Come avvenuto l'11 febbraio del 2011, giorno delle dimissioni di Mubarak, quasi un milione di persone affollano piazza Tahrir e altri luoghi simbolo delle proteste oceaniche di questi giorni, in attesa del discorso del capo dell'esercito. Intanto, decine di migliaia di islamisti della Nazional Alliance, movimento legato ai Fratelli Musulmani, stanno manifestando in favore della legittimità del presidente. Finora non si registrano scontri.
Oggi, in diverse interviste i leader dei Fratelli Musulmani e del partito Giustizia e Libertà hanno ribadito che il presidente Morsi non cederà alla minacce ed è pronto ad aprire un dialogo con l'opposizione. A contraddire la sicurezza del presidente sono le continue defezioni di ministri e alleati politici. Questa mattina in un comunicato la al-Gamaa al-Islamiya ha annunciato di non condividere la posizione del capo di Stato, invitandolo a dimettersi e a indire elezioni presidenziali immediate.

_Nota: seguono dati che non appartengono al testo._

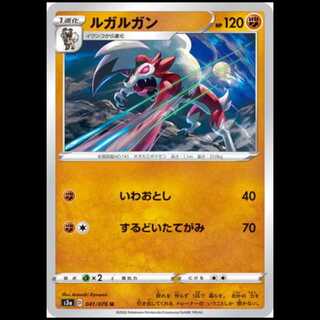 S3a 041/076 Lycanroc Fighting (U Uncommon) Pokémon Card 1枚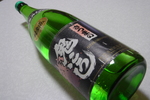 鬼ころし@.jpg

P. Rafic Greiche, portavoce della Chiesa cattolica egiziana sottolinea che se gli islamisti restano ancora sulle loro posizioni intransigenti vi è il rischio di violenze, che a causa della tensione potrebbero sfociare in un principio di guerra civile. "La popolazione - afferma il sacerdote - non vuole il dialogo, desidera che Morsi lasci e i Fratelli Musulmani cedano il potere".

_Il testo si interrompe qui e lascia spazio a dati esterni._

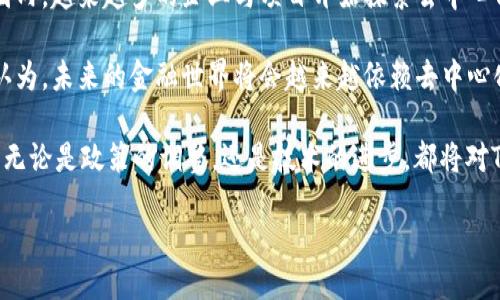 TPWallet：中国用户的使用现状与未来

L'Egitto è ormai unito nel riconquistare la sovranità del Paese. "Una guerra civile - spiega - avviene di solito fra due fazioni. Qui invece siamo di fronte a un intero popolo contro una minoranza estremista che non vuole lasciare il potere". Il sacerdote sottolinea che l'occidente, soprattutto Europa e Stati Uniti, rischiano di essere complici di un crollo violento dell'Egitto. Ieri, Catherine Ashton, ministro degli Esteri europeo ha di nuovo invitato le parti al dialogo. Tuttavia, secondo p. Greiche si tratterebbe di un dialogo fra l'85% della popolazione e una minoranza del 15%, o anche inferiore. Anche il presidente Usa Barack Obama, in visita in Tanzania, ha scelto un basso profilo, invitando le parti a trovare una soluzione pacifica e sottolineando che gli aiuti degli Stati Uniti si basano sul rispetto della democrazia da parte del governo. (S.C.)